6.Except in rare circumstances, functional testing for renal vascular hypertension has been largely replaced by anatomic imaging of the renal artery lesions.

7.Causes of renal vascular hypertension in children include fibromuscular dysplasia, vasculitis, neurofibromatosis, and neuroblastoma.

8.Widespread glomerular hyalinization indicates irreversible ischemic renal injury and suggests that there would be little benefit from relief of renal artery obstruction.

9.Extensive atherosclerotic disease precludes renal revascularization.

10.When the aorta is severely diseased, renal revascularization on the left may be accomplished with a splenorenal bypass, and on the right with a hepatorenal bypass or a supraceliac lower thoracic aorta renal bypass.

11.A transient deterioration of renal function is not infrequently seen following a contrast load in patients with significant renal artery stenosis and limited renal function.

12.Atherosclerotic renal artery disease generally involves the ostium of the proximal renal artery.
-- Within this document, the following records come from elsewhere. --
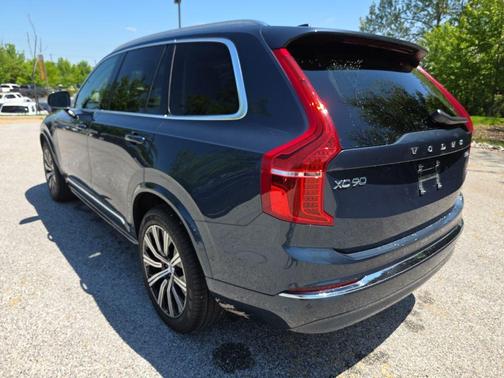 Denim Blue Metallic 2023 Volvo XC90 B6 Plus 7-Seater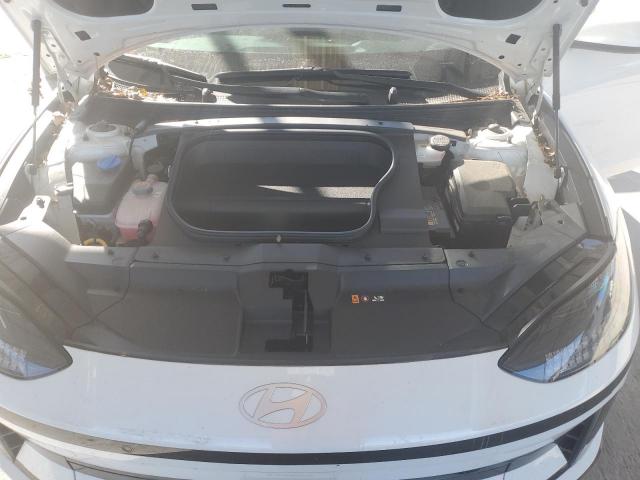 Hyundai Ioniq Se Image 9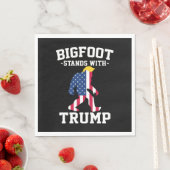 Bigfoot steht bei den Wahlen 2024 unter Trump Serviette (Beispiel)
Fibromuscular disease usually occurs in white females, often is bilateral, and involves the distal portion of the renal artery.

13.At least 70% to 80% renal artery occlusion is necessary to produce clinical effects.
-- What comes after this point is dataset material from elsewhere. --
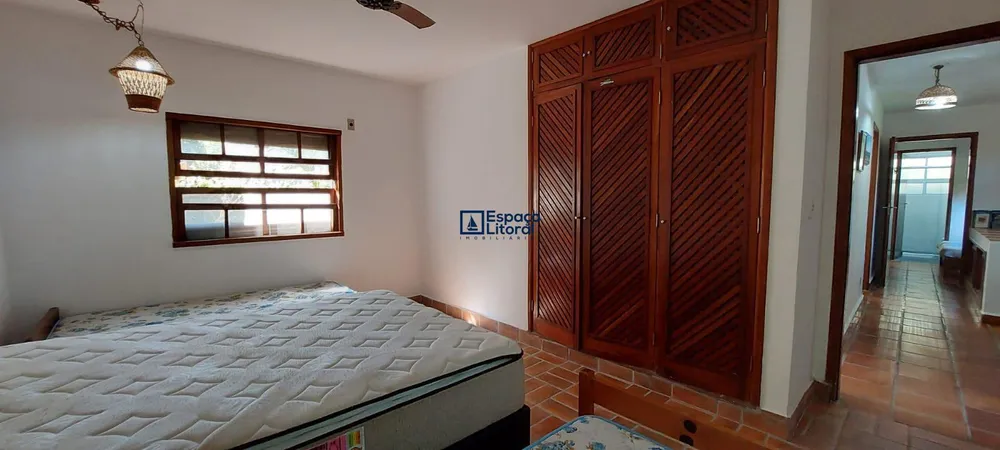 Casa, 4 quartos, 208 m² - Foto 1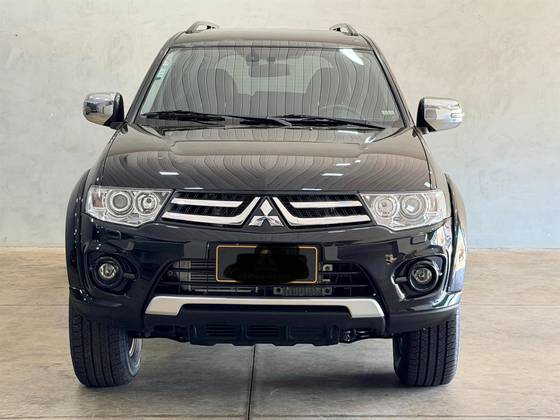 MITSUBISHI PAJERO DAKAR 3.2 HPE 4X4 7 LUGARES 16V TURBO INTERCOOLER DIESEL 4P AUTOMÁTICO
14.The decrease in renal function occurring with renal ischemia is primarily due to proinflammatory mediators that result in fibrosis.

15.Perimedial and intimal fibroplasia, if left untreated, progress and result in loss of renal function.

16.In patients with atherosclerotic renal artery stenosis, there is no significant difference between patients treated medically and those treated with angioplasty.

17.If blood pressure cannot be well controlled medically or there is very rapid deterioration of renal function, surgical intervention and or percutaneous angioplasty may be indicated.

18.A kidney less than 8 cm in length cannot be successfully revascularized because it has reached end-stage.